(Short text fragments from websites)

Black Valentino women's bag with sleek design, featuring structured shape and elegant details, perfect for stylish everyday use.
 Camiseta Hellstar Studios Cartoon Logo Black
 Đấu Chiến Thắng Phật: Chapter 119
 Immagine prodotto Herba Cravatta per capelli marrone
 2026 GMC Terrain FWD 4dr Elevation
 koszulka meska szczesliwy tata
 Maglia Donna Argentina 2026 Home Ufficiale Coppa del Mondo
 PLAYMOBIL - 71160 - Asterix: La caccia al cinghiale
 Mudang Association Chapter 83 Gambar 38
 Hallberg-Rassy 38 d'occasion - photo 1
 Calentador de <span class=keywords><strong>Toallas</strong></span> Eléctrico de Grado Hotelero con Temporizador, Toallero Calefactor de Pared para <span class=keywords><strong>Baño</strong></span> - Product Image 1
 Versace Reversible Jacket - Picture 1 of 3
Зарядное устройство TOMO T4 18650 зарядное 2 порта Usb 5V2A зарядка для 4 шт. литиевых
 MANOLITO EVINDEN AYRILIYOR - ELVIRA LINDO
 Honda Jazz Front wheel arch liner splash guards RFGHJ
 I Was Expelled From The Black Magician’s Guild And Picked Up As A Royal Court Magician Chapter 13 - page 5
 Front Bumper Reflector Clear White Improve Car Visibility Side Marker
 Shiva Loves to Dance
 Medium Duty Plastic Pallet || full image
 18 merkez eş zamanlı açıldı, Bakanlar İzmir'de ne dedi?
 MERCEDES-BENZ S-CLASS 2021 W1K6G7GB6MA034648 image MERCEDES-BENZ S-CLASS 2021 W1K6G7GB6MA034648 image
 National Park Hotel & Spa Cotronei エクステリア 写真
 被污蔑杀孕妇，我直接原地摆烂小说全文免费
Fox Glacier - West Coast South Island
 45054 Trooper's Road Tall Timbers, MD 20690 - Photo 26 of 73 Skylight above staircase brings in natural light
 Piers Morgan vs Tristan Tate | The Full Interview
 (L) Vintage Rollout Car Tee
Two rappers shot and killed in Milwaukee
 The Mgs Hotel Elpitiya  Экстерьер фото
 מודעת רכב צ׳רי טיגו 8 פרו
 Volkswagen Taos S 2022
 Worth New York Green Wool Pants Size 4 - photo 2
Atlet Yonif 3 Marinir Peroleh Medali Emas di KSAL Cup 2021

What you have to do:
The lines to return begin at the first line of the records and end at the line holding "koszulka meska szczesliwy tata"; please return them exactly, including both, and nothing beyond.

Written response:
Black Valentino women's bag with sleek design, featuring structured shape and elegant details, perfect for stylish everyday use.
 Camiseta Hellstar Studios Cartoon Logo Black
 Đấu Chiến Thắng Phật: Chapter 119
 Immagine prodotto Herba Cravatta per capelli marrone
 2026 GMC Terrain FWD 4dr Elevation
 koszulka meska szczesliwy tata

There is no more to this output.